**What to produce:** Could you please repeat all of the entries exactly as written?

**Items listed in a dataset:**
>>>

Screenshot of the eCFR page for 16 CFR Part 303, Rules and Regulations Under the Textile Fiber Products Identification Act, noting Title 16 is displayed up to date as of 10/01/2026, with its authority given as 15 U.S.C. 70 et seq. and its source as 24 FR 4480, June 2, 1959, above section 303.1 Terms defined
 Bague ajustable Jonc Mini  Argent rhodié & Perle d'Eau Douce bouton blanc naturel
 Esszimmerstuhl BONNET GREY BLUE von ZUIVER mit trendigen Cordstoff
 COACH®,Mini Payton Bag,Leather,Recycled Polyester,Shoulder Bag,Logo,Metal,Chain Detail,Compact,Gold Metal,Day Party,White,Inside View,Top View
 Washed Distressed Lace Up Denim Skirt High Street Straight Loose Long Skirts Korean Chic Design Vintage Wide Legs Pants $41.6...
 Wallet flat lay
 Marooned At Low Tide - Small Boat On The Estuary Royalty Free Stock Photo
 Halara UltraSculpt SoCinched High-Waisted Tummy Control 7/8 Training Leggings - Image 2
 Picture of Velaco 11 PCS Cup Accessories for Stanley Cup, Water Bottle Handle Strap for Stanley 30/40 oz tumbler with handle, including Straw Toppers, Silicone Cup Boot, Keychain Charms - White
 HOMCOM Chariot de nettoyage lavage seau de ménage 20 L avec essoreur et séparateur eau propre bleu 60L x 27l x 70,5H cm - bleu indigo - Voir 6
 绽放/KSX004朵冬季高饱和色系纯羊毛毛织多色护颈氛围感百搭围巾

<<<

**Reply:**
Screenshot of the eCFR page for 16 CFR Part 303, Rules and Regulations Under the Textile Fiber Products Identification Act, noting Title 16 is displayed up to date as of 10/01/2026, with its authority given as 15 U.S.C. 70 et seq. and its source as 24 FR 4480, June 2, 1959, above section 303.1 Terms defined
 Bague ajustable Jonc Mini  Argent rhodié & Perle d'Eau Douce bouton blanc naturel
 Esszimmerstuhl BONNET GREY BLUE von ZUIVER mit trendigen Cordstoff
 COACH®,Mini Payton Bag,Leather,Recycled Polyester,Shoulder Bag,Logo,Metal,Chain Detail,Compact,Gold Metal,Day Party,White,Inside View,Top View
 Washed Distressed Lace Up Denim Skirt High Street Straight Loose Long Skirts Korean Chic Design Vintage Wide Legs Pants $41.6...
 Wallet flat lay
 Marooned At Low Tide - Small Boat On The Estuary Royalty Free Stock Photo
 Halara UltraSculpt SoCinched High-Waisted Tummy Control 7/8 Training Leggings - Image 2
 Picture of Velaco 11 PCS Cup Accessories for Stanley Cup, Water Bottle Handle Strap for Stanley 30/40 oz tumbler with handle, including Straw Toppers, Silicone Cup Boot, Keychain Charms - White
 HOMCOM Chariot de nettoyage lavage seau de ménage 20 L avec essoreur et séparateur eau propre bleu 60L x 27l x 70,5H cm - bleu indigo - Voir 6
 绽放/KSX004朵冬季高饱和色系纯羊毛毛织多色护颈氛围感百搭围巾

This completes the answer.